Melon Vendor

 
 

By the roadsides in the morning or in the heat of the day, the melon vendors’ produce seems to suck in the sunlight and generate enormous amounts of coloristic energy. They are like oases in the desert, small places of shade and coolness, quiet and restful, and offering refreshing fruit. The concentration of yellow greens in the sun and blue green as the stacked melons retreat into the deep shade of a covered truck or tent are here contrasted against the gold tint of yet another melon, the cantaloupe. Blues and yellows against golds generate currents of radiant color energies. A single slash of red, exposing the flesh of the watermelon, almost the first stroke of color I put down, proved the most decisive. It remained unchanged throughout the painting process.

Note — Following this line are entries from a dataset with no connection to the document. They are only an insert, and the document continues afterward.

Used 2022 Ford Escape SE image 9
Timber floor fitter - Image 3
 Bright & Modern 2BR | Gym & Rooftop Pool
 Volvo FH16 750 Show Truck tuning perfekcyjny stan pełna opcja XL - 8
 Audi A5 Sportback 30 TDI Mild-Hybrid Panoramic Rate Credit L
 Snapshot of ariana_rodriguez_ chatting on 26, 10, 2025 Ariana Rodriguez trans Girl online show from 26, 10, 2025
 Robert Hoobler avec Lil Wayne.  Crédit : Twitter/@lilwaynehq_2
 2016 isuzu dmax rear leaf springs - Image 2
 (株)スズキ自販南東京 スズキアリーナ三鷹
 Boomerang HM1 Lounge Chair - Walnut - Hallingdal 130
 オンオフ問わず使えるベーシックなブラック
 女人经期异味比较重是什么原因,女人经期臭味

It is the simple, quiet humanity of the scene that attracts me. These tiny places suddenly appear and always with people sitting quietly, waiting in a spot of shade, like the Patriarch Abraham sitting in the door of his tent waiting for strangers. When my father (of blessed memory) was a boy, he would load up watermelons on a mule-drawn wagon in Seguin and go the fourteen miles to New Braunfels, a journey at that time of about three to four hours. He would set up by the train station and wait for the passenger trains to bring in his customers. He was not to return home until all were sold. His wage per day was a single penny. This would have been about 1908.